L’équipe du film était pourtant prometteuse : le réalisateur de Alien VS Predator se faisant assister des scénaristes David Madge (Neverland) et Simon Beaufoy (Full Monty et Slumdog Millionaire). Et au début de l’histoire, le sourire guette bien au coin des lèvres. Le spectateur a envie d’y croire, il navigue dans les décors de la capitale britannique, et se laisse charmer par les froufrous des ladies et autres jeux de séductions des gentlemans toutes classes confondues. À ce titre, le jeu des acteurs est à saluer ; Frances McDormand, actrice fétiche des frères Cohen, n’a pas à rougir de sa Miss Pettigrew, pas plus qu’Amy Adams en ingénue, ou que la brochette de messieurs de Ciaran Hands (Munich), à Lee Pace (héros de la série Pushing Daisies, notamment). Enfin, le cadrage très réussi et les sublimes costumes colorés finissent d’achever les points positifs d’un vrai travail de mise en scène.
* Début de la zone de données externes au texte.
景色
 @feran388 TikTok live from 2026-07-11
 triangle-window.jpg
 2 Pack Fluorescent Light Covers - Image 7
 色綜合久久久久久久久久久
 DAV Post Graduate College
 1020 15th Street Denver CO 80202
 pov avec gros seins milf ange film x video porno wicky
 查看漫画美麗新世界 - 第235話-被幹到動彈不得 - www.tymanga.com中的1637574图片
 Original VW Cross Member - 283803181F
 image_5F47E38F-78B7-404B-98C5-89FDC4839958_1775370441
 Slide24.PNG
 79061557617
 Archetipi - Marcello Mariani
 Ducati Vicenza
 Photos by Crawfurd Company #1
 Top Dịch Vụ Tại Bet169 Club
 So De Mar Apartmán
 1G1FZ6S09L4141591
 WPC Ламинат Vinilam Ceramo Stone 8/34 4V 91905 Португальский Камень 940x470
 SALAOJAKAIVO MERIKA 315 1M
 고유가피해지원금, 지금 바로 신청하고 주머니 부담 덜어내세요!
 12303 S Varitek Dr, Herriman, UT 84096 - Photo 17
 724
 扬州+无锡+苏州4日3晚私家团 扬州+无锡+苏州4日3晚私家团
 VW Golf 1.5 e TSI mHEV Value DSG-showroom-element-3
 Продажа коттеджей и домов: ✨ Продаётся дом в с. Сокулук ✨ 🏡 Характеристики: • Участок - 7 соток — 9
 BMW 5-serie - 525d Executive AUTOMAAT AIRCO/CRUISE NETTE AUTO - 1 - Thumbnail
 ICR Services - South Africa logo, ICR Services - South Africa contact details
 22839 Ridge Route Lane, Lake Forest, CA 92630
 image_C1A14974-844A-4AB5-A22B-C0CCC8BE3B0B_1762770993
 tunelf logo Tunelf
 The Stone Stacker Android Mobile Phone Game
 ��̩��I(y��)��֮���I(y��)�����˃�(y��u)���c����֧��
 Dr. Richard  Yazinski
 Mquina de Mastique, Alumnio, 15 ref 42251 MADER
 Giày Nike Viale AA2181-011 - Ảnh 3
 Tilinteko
Mais assez vite, le spectateur se lasse de scènes longuettes et d’un film qui reste à terre. Si l’ensemble du casting mérite une mention spéciale, l’énergie palpable des comédiens ne sublime pas des scènes de marivaudage vues et revues ; supposé reposer entièrement sur une écriture enchaînant les répliques savoureuses, Miss Pettigrew manque d’une réelle truculence. Les dialogues un peu falots ou l’humour assez fade mènent lentement le film vers l’ennui. Alors que l’enjeu dramatique n’est pas primordial pour ce type de comédie (le happy-end est en général de rigueur), la gestion du temps, elle, est essentielle. Or, l’histoire n’est pas scandée aussi vite et bien qu’elle aurait pu l’être.
Aussi, si le désir de Bharat Nalluri de réaliser une « screwball comedy » est louable et visible, la comparaison avec ses illustres prédécesseurs fait malheureusement de cet essai de Diamants sur canapé une pâle copie. Pas désagréable ni réellement raté, Miss Pettigrew manque le coche de peu, mais le manque. Reste une comédie qui donne une envie : se replonger dans les classiques de l’âge d’or du cinéma américain.